L'agence officielle Chine nouvelle a annoncé mercredi son inculpation pour défection, abus de pouvoir et corruption, sans préciser la date ni le lieu de son éventuel procès.

Tout bascule pour lui un jour de février où, brutalement tombé en disgrâce auprès de son patron Bo Xilai - l'ancien maître absolu de Chongqing -, M. Wang tente de trouver refuge dans un consulat américain proche de cette métropole géante.

Là, devant des diplomates qui n'en croient pas leurs oreilles, il déballe au grand jour les turpitudes qui se sont déroulées à Chongqing. Et notamment l'assassinat d'un Britannique commis par Gu Kailai, l'épouse de M. Bo.

Wang Lijun cherche alors à se protéger, mais de fait il précipite sa chute. Sitôt sorti du consulat, il est transféré à Pékin. On ne l'a plus revu depuis.

Selon la presse chinoise, le chef de l'État Hu Jintao, présidant une réunion de hauts responsables communistes, aurait lui-même qualifié de « traître » Wang Lijun.

Digne d'un roman d'espionnage, ce personnage de 52 ans avait jusque-là réussi à s'imposer comme un policier redouté, voire détesté.

Regard d'acier derrière de fines lunettes et visage rarement traversé d'un sourire, Wang Lijun a la tête de l'emploi du « superflic » incorruptible et aux méthodes musclées.

Issu de la minorité mongole, c'est un expert en arts martiaux. Il compterait pas moins de vingt cicatrices sur le corps, souvenirs d'anciennes blessures par balle ou arme blanche.

Il a fait ses classes dans la province du Liaoning, région industrielle du nord-est de la Chine. Simple gardien de la paix au début des années 1980, il grimpe dans la hiérarchie avec déjà un goût particulier pour la lutte anticriminelle.

C'est dans le Liaoning qu'il rencontre Bo Xilai, un apparatchik promis à un bel avenir au sein de l'appareil communiste. M. Bo, quand il se voit confier le poste de secrétaire général de Chongqing, appelle Wang Lijun. Celui-ci deviendra son bras droit, chargé de la sécurité.

Ensemble les deux hommes vont marquer Chongqing de leur empreinte.

Au charismatique M. Bo de se mettre en lumière et d'endosser le crédit de la spectaculaire transformation de cette ville-laboratoire, qui devient en quelques années un pôle économique majeur.

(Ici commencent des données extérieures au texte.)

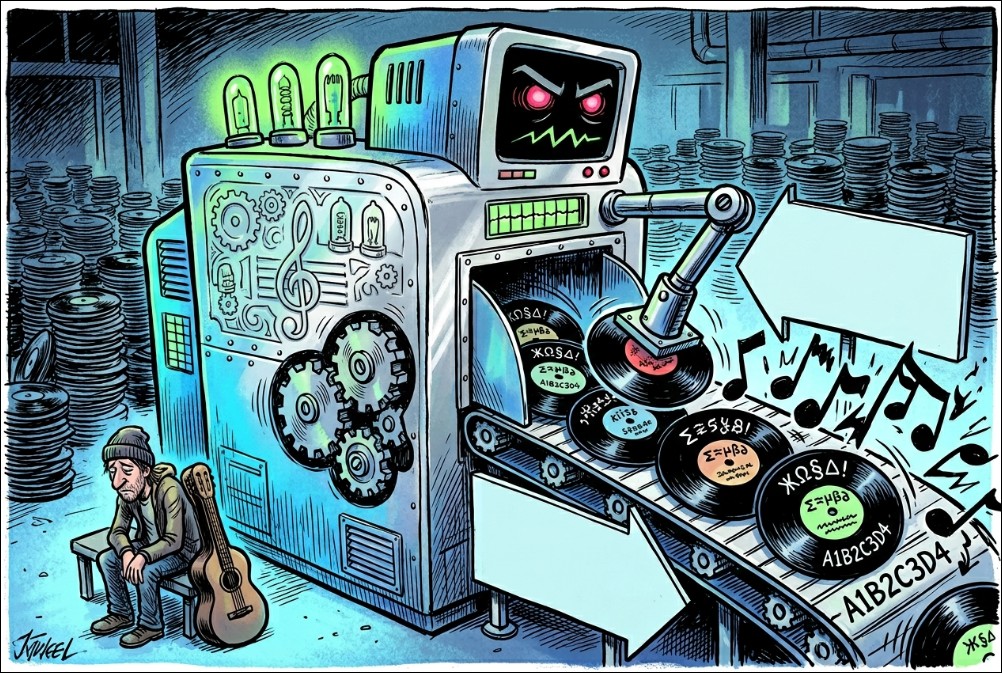 美國不肖音樂人靠 AI 生成數十萬首歌曲 + 機器人刷量,詐騙串流平台版稅超過 1000 萬美元被抓 - 電腦王阿達 美國不肖音樂人靠 AI 生成數十萬首歌曲 + 機器人刷量,詐騙串流平台版稅超過 1000 萬美元被抓 - 電腦王阿達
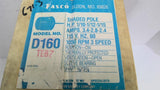 Fasco D160 AC shaded Pole Motor1/10 1/12 1/15 HP 1050Rpm 115V Open 60Hz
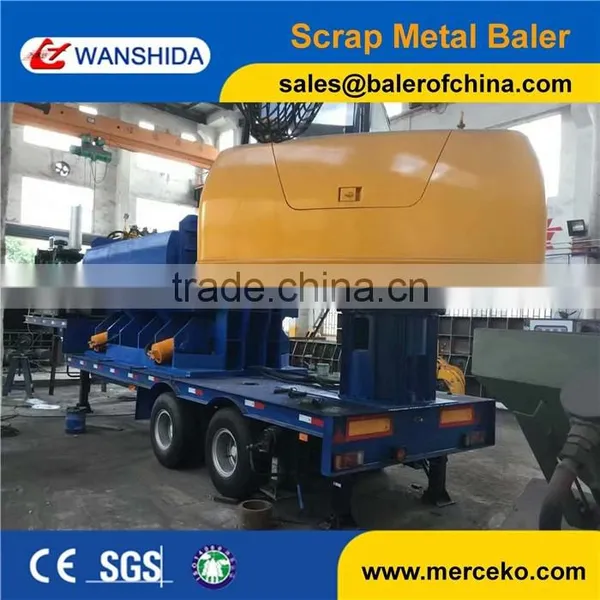 Y83D-3000A Mobile Scrap Baling Press Machine With Trailer and Grab photo-2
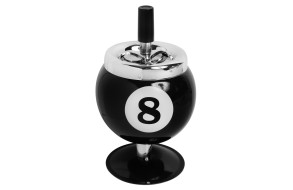 Пепельница бильярдный шар №8 на подставке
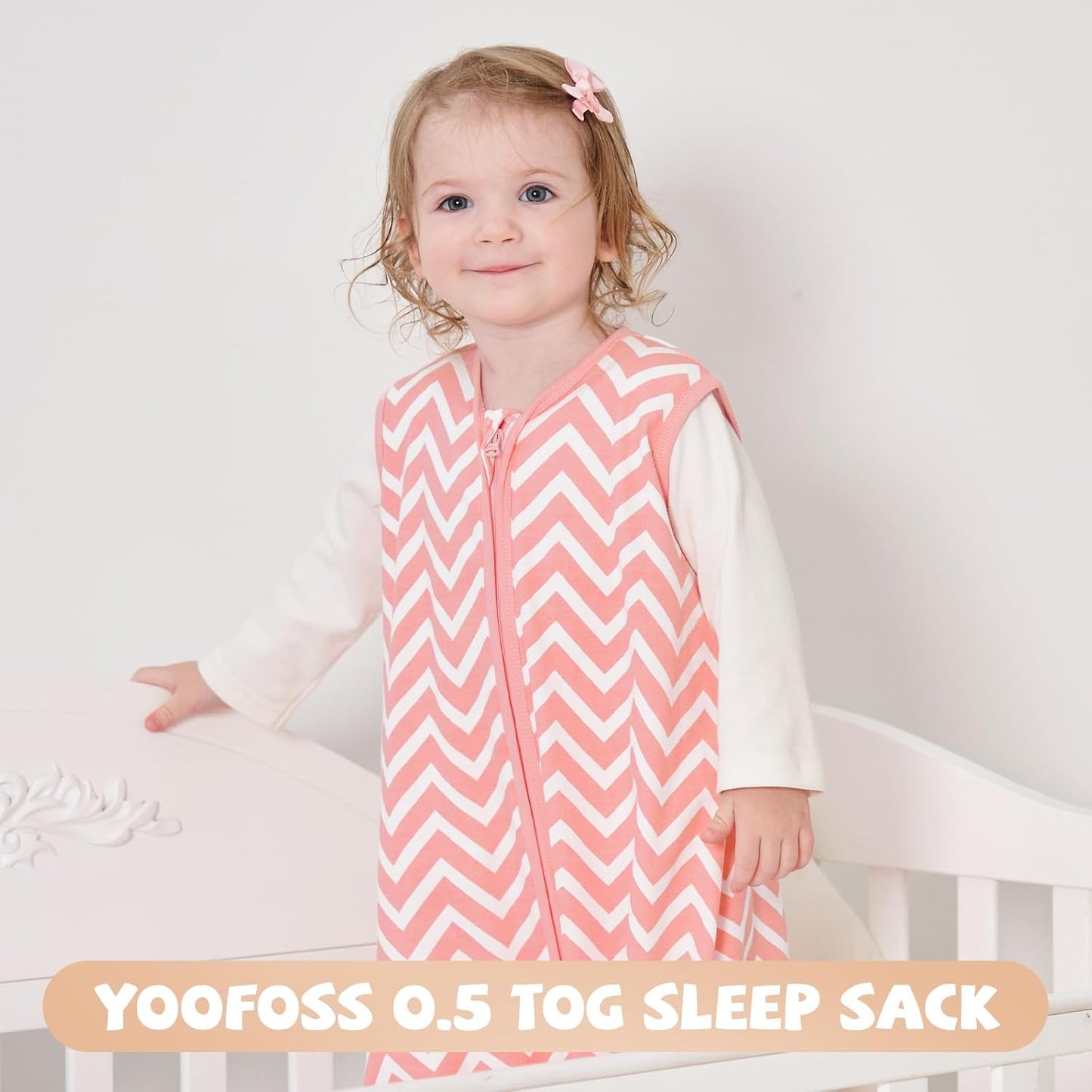 Yoofoss Baby Sleep Sack Baby Wearable Blanket 100% Cotton 2-Way Zipper Toddler Sleeping Sack
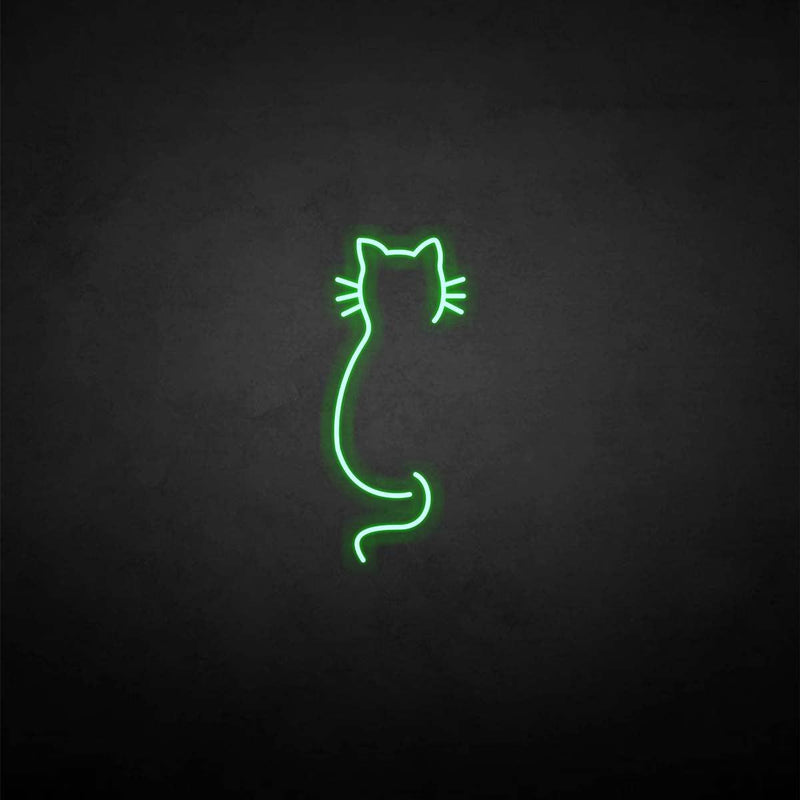 'Cat back' neon sign - VINTAGE SIGN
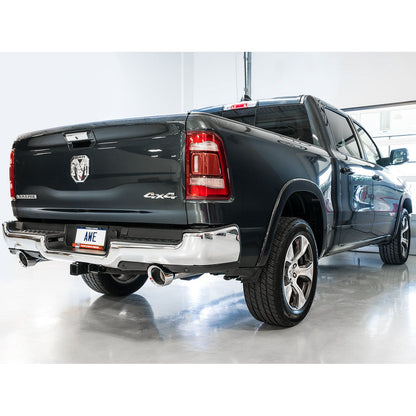 AWE 0FG Exhaust for 5th Gen RAM 1500 5.7L (with bumper cutouts) 5 Inch Tips
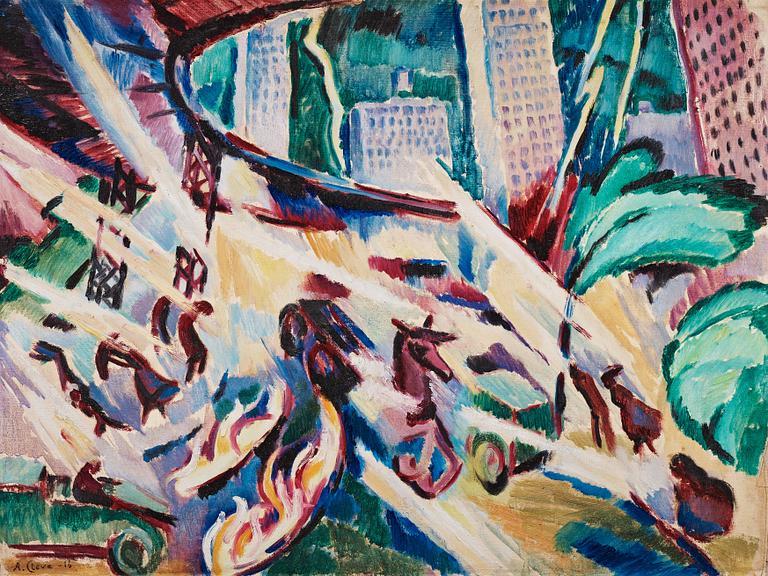 Agnes Cleve, "Brand i New York".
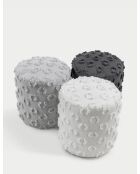 Petit pouf Astrid anthracite - l.40 cm x H. 45 cm x P. 40 cm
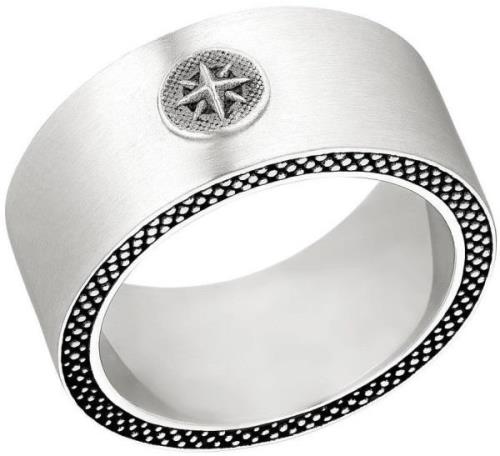 s.Oliver Ring Kompas-motief, 2037999/-800/-801/-802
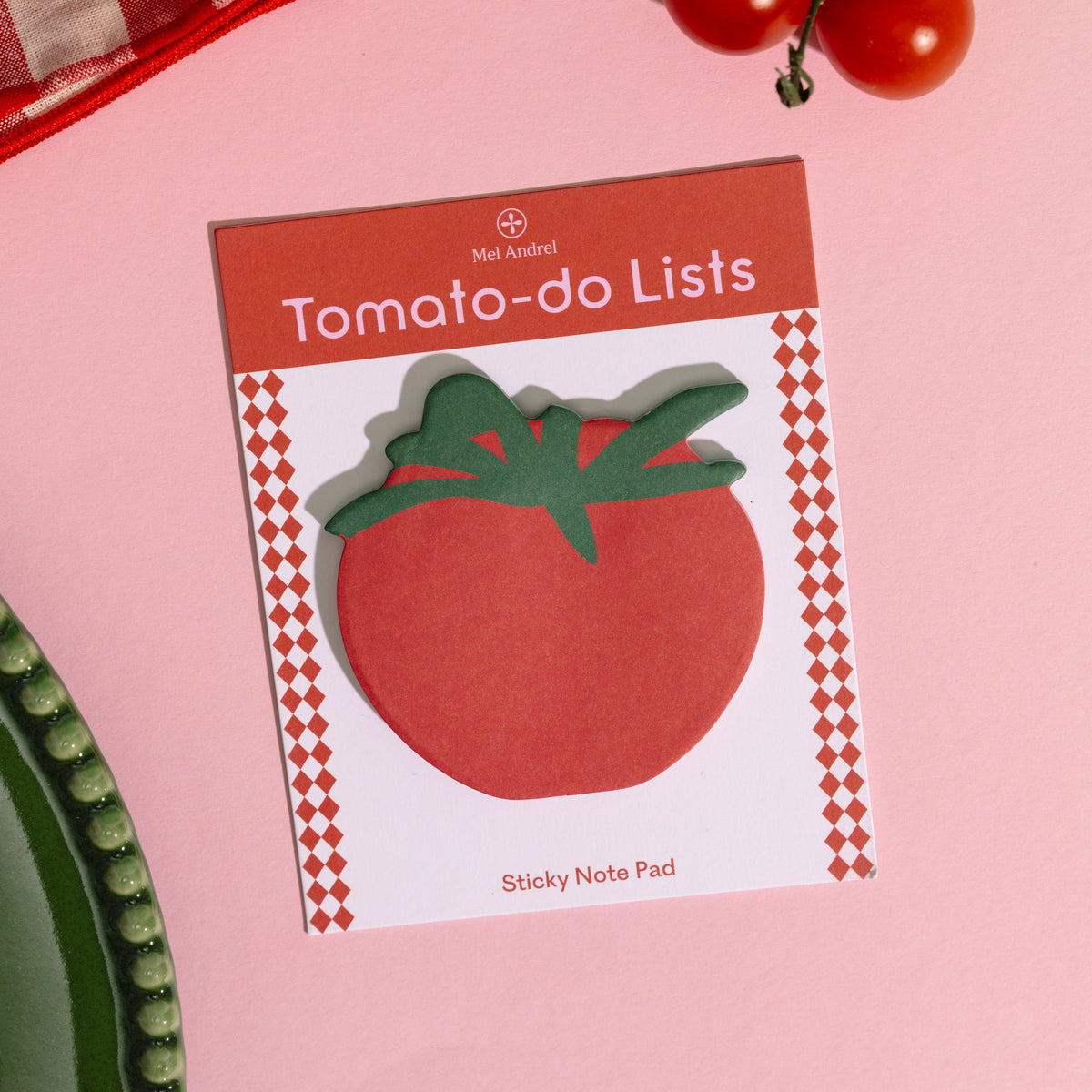 Tomato-do List Food-shaped Sticky Notes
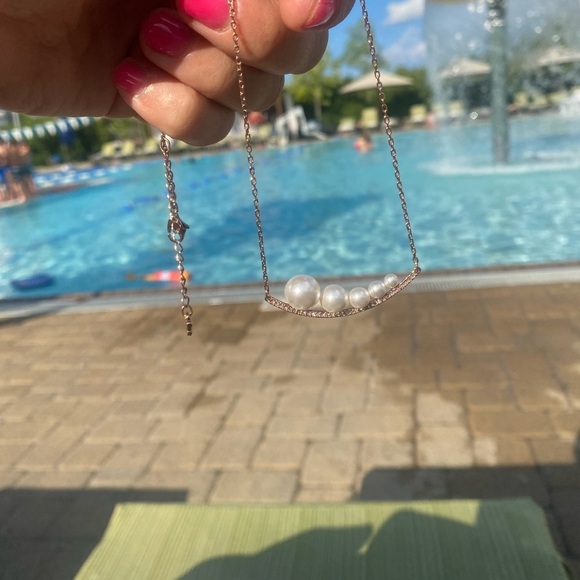 SWAROVSKI faux pearls and crystals necklace NWT - Picture 7 of 8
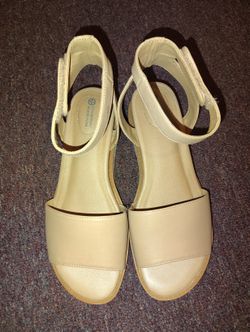 Women's Giani Bernini Constancia Ankle Strap Desert Wedge Sandals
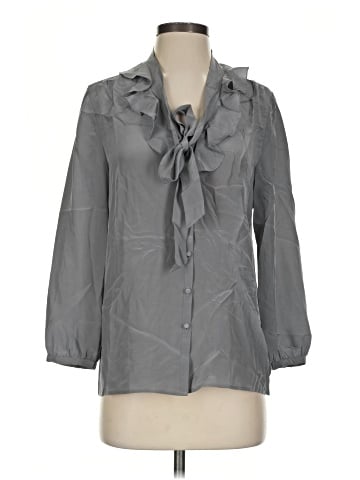 J.Crew Factory Store 3/4 Sleeve Silk Top (view 1)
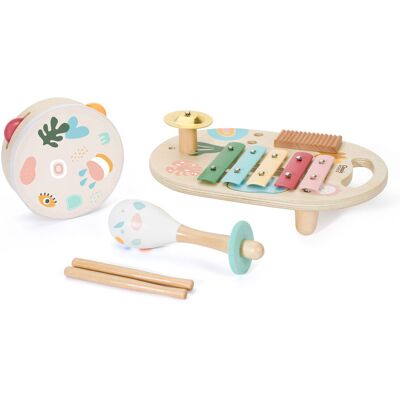 Classic World houten muziekinstrumenten set iris Classic World houten muziekinstrumenten set iris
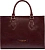 Сумка женская The Bridge Ida 04101501/YF бордовая натур.кожа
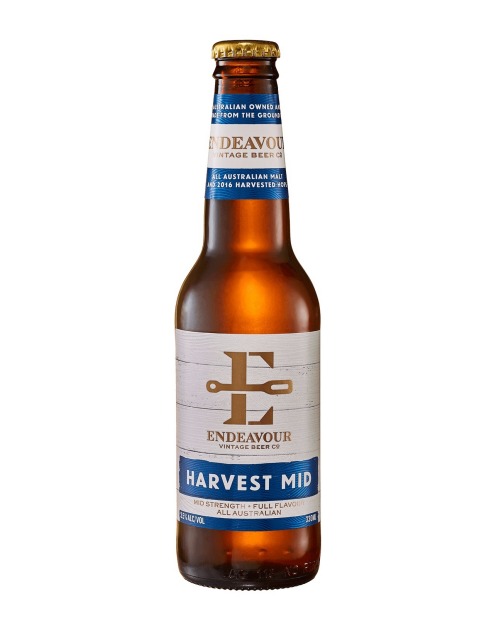 <b>Endeavour Harvest Mid</b><br>
Mid-strength is no longer a dirty word for craft beer drinkers, thanks to ...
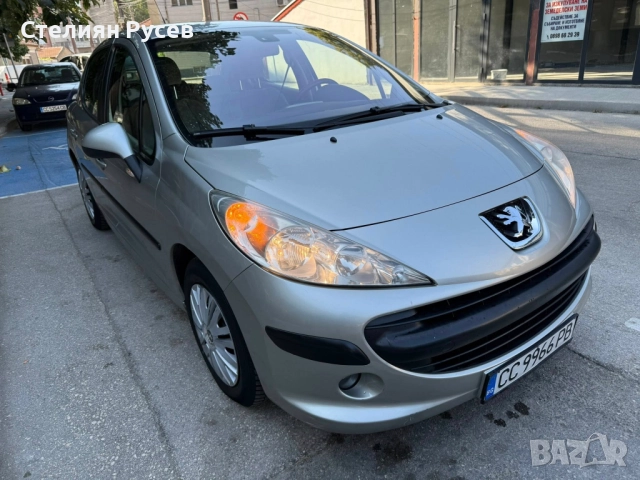peugeot 207 1.6i 109к.с ГАЗ - цена 5 700лв или 2940 евро , моля БЕЗ бартери -редовни документи ,задъ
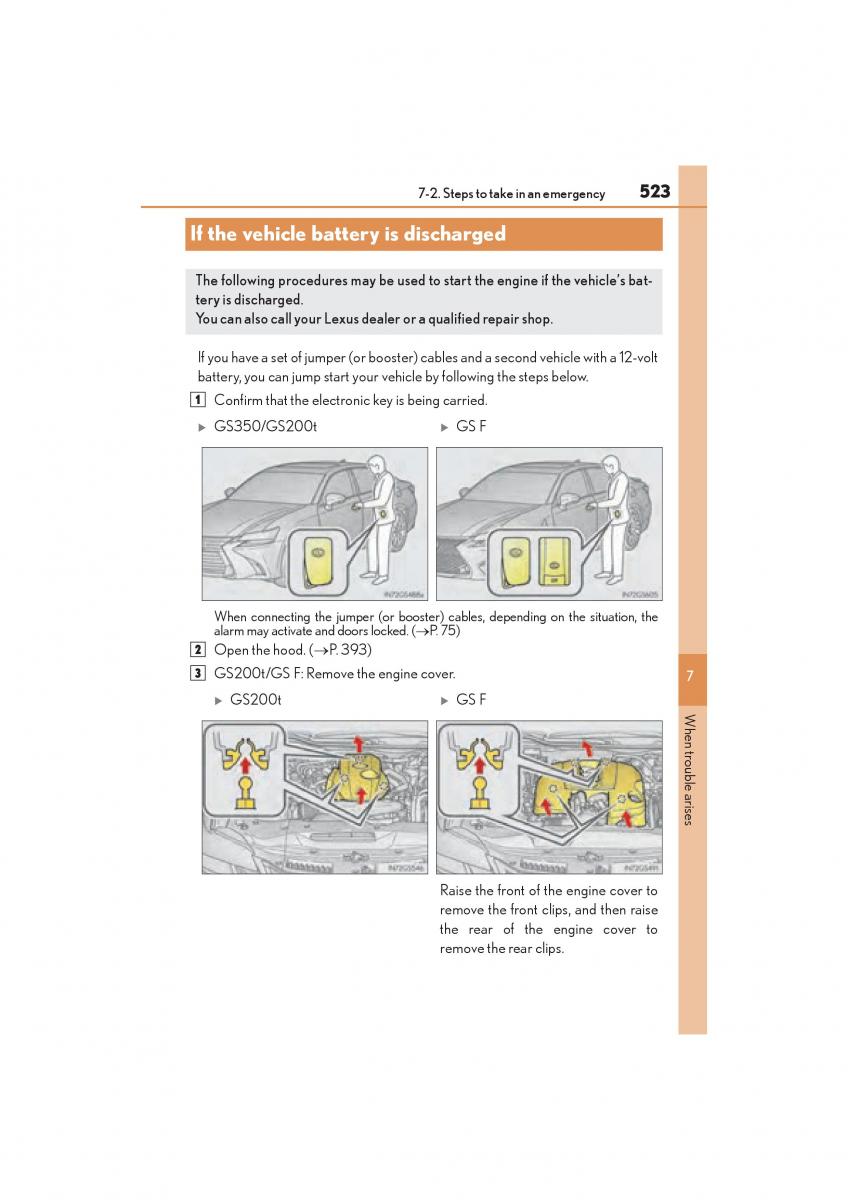 Lexus GS F IV 4 owners manual / page 525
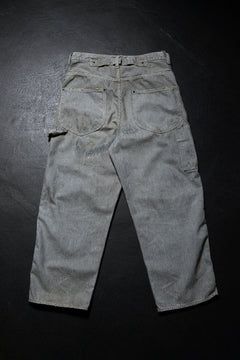 画像をギャラリービューアに読み込む, FULLCOUNT x N/07 x LOOM exclusive WIDE TAPERED PAINTER TROUSERS (HICKORY STRIPE)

À l'efficace M. Wang de nettoyer la ville de ses triades. Il lance une croisade contre la corruption, marquée par l'exécution de basses oeuvres et de graves accusations de violations des droits de l'homme.

Cette opération qui culmine en 2009 débouche sur des milliers d'arrestations, des suspects qui ont relaté d'atroces séances de tortures, et des retentissants procès anti-mafia, dont celui de Wen Qiang, haut responsable chargé de la justice, condamné à mort et exécuté.

Wang Lijun, à la tête du Bureau de la sécurité publique (BSP), assoit ainsi sa réputation d'« Eliot Ness » chinois. Un patron sans scrupule qui inspirera même une série télévisée, Tiexue jinghun (« Police au mental de fer et de sang »).

Devenu maire-adjoint de Chongqing, il semble indéboulonnable et hors d'atteinte des rares critiques, qui relèvent par exemple son penchant pour les montres et les costumes de luxe.

Méthodique, prudent, il ne laisse rien au hasard : n'a-t-il pas enregistré discrètement Gu Kailai quand celle-ci lui a avoué son meurtre? N'a-t-il pas veillé à prélever discrètement des tissus sur le cadavre de sa victime?

Son hyper-activité le conduit même à dessiner et breveter un imperméable rouge pour les forces de l'ordre de Chongqing.

Wang Lijun est aussi un spécialiste de médecine légale, capable de pratiquer une autopsie. Il a été nommé professeur de recherche honoraire par un organisme américain, le Henry Lee Institute of forensic science.